1. Paradigma Eksklusivise (Paradigma yang tertutup)
Paradigma eksklusivisme berangkat dari dua ide pokok yang bertolak belakang. Di satu sisi, agama-agama lain lain tak lepas dari keberdosaan manusia yang mendasar dan karena itu tidak memiliki kebenaran. Di lain pihak, hanya Kristuslah yang menyediakan jejak paling absah menuju keselamatan. Dan mengganggap alkitab dengan segala tranparansinya yang kadang diabaikan oleh masyarakat banyak agama dan gereja- gereja. [4]Paradigma ini dapat dikenali dalam sikap Gereja Roma Katolik (GRK) pra-Konsili Vatikan II yang menempatkan gereja sebagai pusat keselamatan dengan istilah extra ecclesiam nulla salus (di luar Gereja tidak ada keselamatan). Paus Boniface VIII dengan tegas berkata: ”Kita dituntut oleh iman untuk meyakini dan mempertahankan bahwa ada satu Gereja yang kudus, katolik dan apostolik; kita dengan tegas mempercayainya dan tanpa ragu mengakuinya; di luarnya tidak ada keselamatan atau pengampunan dosa.” Akibatnya, GRK bersikap tertutup dan kurang memandang positif agama-agama lain.[5]
Paradigma inklusivisme melampaui eksklusivisme dengan mengatakan bahwa keselamatan Allah berlaku universal dan hadir dalam agama-agama lain dengan tetap mengakui finalitas Yesus Kristus. Yesus Kristus menjadi pemenuhan final bagi agama-agama lain. Inklusifisme menolak segala bentuk konfrontasi antar agama lain dengan kekristenan. Malah sebaliknya, berusaha secara kreatif agama-agama lain diintegrasikan ke dalam refleksi teologis kristiani. Inklusivisme berusaha memadukan dua pengakuan teologis: bekerjanya anugerah Allah serta paham keselamatan agama-agama lain dan keunikan anugerah Allah dalam Yesus Kristus.[6]
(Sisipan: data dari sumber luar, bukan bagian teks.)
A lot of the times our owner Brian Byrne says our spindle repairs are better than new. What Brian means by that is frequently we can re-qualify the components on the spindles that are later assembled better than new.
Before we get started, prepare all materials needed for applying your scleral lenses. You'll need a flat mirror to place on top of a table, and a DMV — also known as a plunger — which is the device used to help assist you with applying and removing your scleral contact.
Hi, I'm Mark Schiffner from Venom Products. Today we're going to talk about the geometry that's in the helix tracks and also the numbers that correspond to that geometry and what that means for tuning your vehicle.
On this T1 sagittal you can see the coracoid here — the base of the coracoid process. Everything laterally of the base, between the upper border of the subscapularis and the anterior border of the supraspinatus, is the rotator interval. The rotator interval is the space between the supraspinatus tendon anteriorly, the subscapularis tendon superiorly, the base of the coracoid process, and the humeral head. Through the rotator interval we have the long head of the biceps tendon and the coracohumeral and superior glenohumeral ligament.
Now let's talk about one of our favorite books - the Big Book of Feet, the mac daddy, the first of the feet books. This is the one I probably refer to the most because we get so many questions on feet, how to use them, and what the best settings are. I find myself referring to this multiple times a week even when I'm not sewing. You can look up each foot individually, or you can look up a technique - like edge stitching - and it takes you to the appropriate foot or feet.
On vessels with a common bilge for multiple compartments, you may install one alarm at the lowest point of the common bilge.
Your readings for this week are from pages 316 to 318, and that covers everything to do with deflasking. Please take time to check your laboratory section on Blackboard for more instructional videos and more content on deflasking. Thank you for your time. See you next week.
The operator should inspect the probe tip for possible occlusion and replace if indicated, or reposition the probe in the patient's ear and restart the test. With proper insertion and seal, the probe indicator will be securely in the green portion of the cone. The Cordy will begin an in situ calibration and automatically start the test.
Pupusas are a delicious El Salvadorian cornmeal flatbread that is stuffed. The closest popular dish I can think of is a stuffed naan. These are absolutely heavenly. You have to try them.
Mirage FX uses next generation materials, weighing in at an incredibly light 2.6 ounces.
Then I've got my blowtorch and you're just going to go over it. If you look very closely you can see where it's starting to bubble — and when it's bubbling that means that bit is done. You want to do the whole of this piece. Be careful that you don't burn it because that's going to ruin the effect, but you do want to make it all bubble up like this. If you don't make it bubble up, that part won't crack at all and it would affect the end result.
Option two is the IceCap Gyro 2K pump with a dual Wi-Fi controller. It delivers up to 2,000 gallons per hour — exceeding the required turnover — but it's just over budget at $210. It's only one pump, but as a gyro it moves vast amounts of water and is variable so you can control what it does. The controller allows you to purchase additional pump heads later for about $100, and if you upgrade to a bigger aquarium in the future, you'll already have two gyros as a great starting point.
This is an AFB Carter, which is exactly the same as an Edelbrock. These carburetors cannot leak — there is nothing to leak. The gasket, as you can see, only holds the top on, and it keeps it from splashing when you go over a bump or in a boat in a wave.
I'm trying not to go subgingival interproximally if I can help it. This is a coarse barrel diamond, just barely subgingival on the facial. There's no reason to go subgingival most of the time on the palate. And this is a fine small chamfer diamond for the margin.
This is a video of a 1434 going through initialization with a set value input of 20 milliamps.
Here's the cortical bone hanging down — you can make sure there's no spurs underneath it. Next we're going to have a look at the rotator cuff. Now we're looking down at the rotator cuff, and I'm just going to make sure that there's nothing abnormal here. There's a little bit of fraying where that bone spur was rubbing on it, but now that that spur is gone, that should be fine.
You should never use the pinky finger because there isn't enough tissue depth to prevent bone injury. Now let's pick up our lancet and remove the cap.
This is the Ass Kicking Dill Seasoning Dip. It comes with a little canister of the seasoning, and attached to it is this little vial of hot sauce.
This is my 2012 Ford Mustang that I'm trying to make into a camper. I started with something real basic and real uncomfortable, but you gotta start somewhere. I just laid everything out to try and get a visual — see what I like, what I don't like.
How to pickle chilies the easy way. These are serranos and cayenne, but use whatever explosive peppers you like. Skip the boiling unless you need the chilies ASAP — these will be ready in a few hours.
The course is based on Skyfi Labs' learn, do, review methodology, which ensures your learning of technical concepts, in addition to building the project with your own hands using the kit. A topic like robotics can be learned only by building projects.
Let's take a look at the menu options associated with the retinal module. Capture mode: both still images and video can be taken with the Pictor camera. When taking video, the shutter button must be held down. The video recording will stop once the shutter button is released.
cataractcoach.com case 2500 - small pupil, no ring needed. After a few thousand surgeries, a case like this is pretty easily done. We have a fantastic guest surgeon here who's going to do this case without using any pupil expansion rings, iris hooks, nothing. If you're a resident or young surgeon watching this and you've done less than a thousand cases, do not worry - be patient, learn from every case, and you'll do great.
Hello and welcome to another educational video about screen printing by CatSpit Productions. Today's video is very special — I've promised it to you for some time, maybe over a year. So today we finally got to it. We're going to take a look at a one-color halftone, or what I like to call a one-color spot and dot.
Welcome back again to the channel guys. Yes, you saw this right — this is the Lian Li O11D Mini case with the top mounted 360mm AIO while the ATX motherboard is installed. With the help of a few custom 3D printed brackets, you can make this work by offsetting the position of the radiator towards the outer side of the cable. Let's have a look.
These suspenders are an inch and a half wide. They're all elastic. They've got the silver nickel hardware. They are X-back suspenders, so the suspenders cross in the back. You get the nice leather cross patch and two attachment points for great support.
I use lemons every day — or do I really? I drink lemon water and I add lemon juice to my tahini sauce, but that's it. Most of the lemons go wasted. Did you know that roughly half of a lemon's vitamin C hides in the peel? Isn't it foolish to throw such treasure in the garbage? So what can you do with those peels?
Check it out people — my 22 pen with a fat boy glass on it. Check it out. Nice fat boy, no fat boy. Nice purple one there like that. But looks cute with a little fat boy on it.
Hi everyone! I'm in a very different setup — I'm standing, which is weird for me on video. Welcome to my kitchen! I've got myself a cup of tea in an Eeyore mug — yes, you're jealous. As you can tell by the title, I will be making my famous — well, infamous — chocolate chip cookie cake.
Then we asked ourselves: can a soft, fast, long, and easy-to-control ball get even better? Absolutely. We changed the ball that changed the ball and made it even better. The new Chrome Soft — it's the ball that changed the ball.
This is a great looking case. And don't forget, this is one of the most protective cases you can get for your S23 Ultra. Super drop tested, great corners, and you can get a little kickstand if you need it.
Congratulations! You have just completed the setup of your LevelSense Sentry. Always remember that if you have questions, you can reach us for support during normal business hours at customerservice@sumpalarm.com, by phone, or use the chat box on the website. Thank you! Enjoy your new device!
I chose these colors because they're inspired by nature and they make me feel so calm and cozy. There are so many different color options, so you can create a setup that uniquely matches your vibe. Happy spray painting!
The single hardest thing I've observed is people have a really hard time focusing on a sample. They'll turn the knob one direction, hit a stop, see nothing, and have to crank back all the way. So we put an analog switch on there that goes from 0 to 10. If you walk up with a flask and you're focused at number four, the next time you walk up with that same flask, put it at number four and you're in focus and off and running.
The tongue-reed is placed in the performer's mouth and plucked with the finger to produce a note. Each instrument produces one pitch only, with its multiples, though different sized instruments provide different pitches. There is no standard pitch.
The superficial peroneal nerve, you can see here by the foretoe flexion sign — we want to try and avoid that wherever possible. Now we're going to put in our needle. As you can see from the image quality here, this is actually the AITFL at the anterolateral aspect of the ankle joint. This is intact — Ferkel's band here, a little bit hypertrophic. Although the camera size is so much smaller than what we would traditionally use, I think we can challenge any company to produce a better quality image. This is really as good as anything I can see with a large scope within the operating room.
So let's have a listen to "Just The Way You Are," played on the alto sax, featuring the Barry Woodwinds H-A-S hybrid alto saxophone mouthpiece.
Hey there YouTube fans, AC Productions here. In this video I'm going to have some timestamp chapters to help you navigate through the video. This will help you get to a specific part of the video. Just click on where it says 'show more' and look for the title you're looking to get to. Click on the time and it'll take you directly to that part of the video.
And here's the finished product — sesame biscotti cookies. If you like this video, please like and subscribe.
Paradigma inklusivisme bersikap positif terhadap agama-agama lain karena agama-agama lain dipahami sebagai jalan keselamatan. Pemahaman ini memberi ruang amat luas bagi munculnya kehidupan antar-iman yang dialogis. Gereja memiliki penghargaan besar terhadap agama-agama lain, jadi keselamatan pun ada di luar Gereja.[7] Karena jelas bahwa Teologi dimaksudkan untuk komunitas yang tidak dimaksudkan untuk tetap tinggal menjadi kepunyaan suatu kelas teolog. Ungkapan iman dalam teologi harus menghasilkan perbedaan dalam hidup orang banyak; kalau tidak itu hanayalah pekerjaan yang sia- sia[8]. Jadi sifat terbuka itu baik
Jika eksklusivisme dan inklusivisme tidak memadai bagi kekristenan dalam relasi dengan agama-agama lain, maka paradigma pluralisme menjadi pilihan terbaik. Paradigma ini merupakan kritik atas eklesiosentrisme dan kristosentrisme yang muncul dalam eksklusivisme dan inklusivisme. Pluralisme menggunakan pendekatan teosentris yang menekankan pada kehendak universalitas Allah untuk menyelamatkan seluruh manusia. Paradigma pluralisme ini tidak satu sebab dikembangkan banyak orang seperti John Hick, Paul F. Knitter, Gordon D Kaufmann, Wilffred Cantwel Smith, Rosemary Ruether, dsbnya.[9]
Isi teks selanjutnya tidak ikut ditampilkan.